::: MATERIAL SHOWN :::

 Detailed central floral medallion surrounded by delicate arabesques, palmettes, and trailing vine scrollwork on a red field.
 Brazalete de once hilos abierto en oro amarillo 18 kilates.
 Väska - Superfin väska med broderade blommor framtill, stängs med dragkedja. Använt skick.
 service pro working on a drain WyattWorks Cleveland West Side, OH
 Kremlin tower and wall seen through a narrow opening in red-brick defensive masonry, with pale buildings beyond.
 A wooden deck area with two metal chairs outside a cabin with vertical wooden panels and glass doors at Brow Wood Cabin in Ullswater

:::
::: MATERIAL SHOWN :::

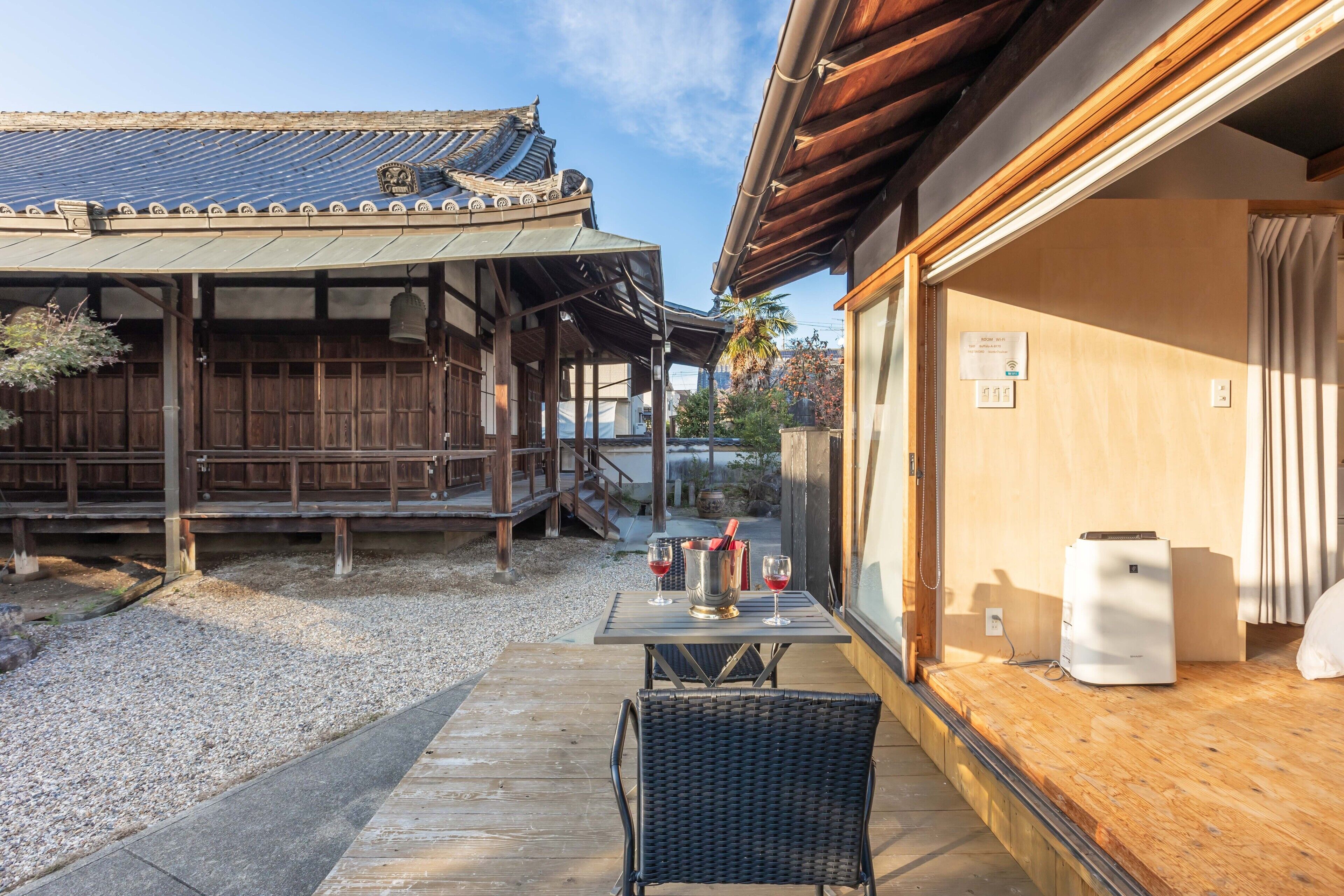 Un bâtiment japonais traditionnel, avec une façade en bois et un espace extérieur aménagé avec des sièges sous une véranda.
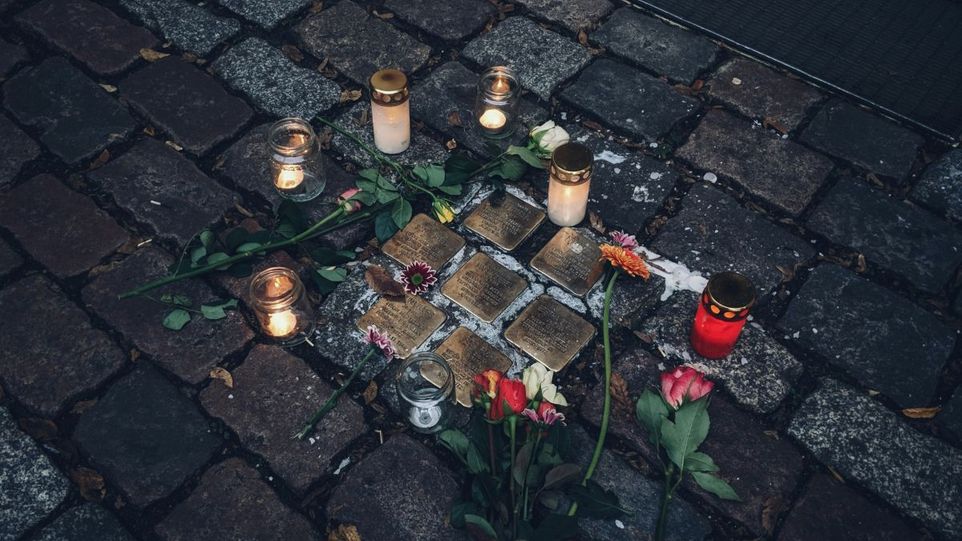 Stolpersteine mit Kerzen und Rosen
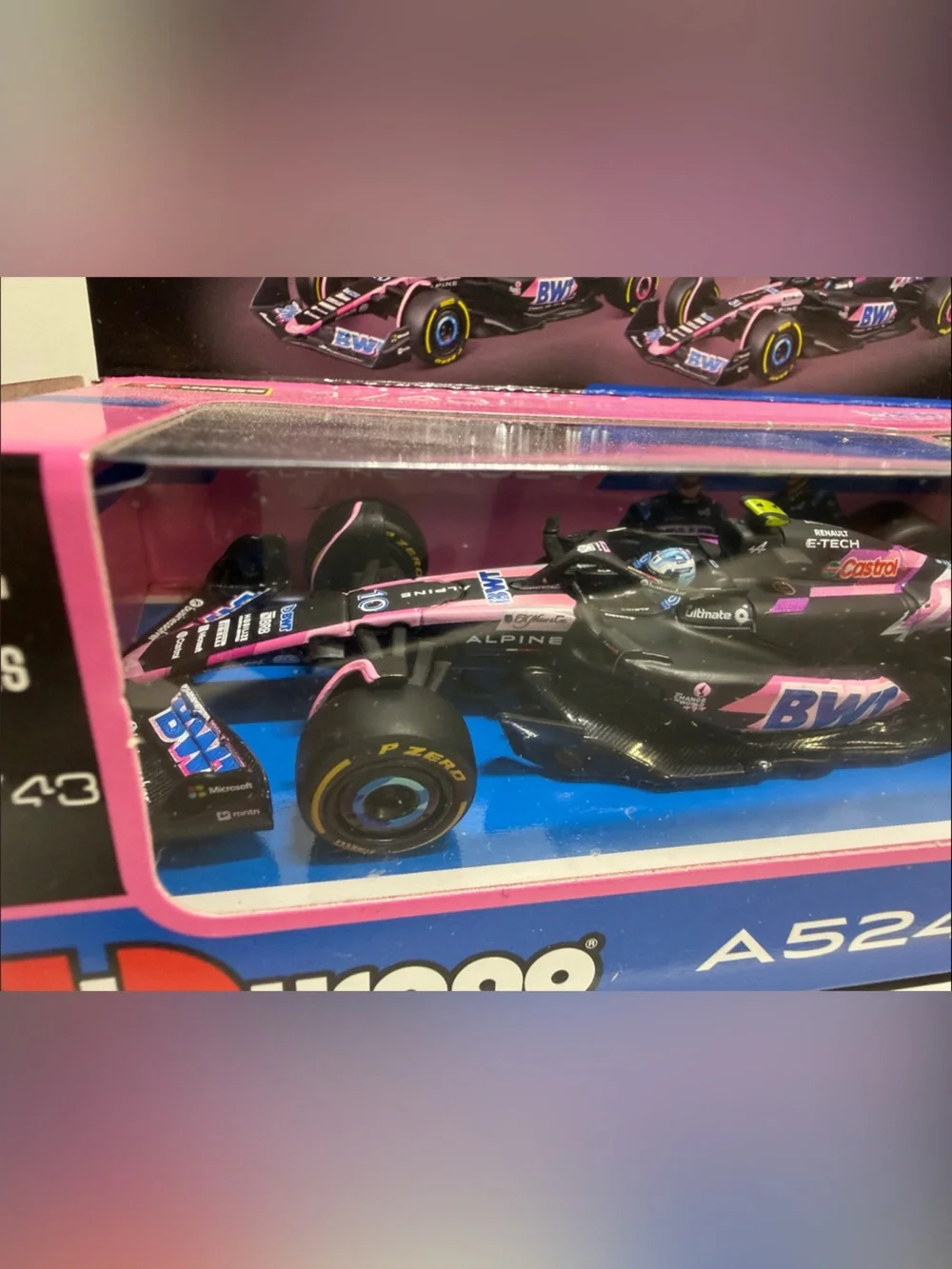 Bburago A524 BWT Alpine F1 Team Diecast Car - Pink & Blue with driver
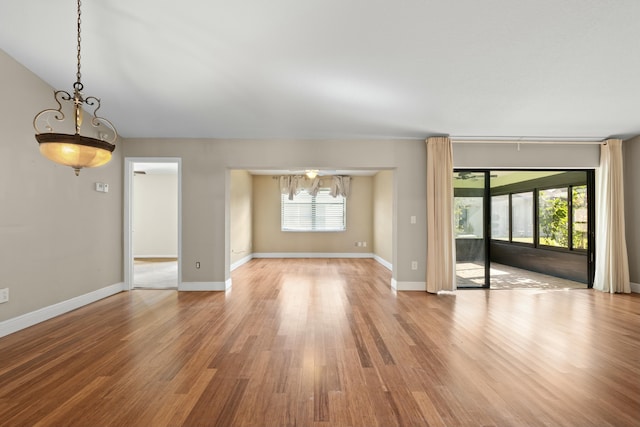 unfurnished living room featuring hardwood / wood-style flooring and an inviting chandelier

:::
::: MATERIAL SHOWN :::

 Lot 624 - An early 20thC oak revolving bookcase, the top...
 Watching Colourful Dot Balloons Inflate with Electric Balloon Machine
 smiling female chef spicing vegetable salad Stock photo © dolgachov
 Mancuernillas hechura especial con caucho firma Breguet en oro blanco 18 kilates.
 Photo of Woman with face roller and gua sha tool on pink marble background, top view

:::

Read through the entries above and copy each line that has the string "kilates" in it.

 Brazalete de once hilos abierto en oro amarillo 18 kilates.
 Mancuernillas hechura especial con caucho firma Breguet en oro blanco 18 kilates.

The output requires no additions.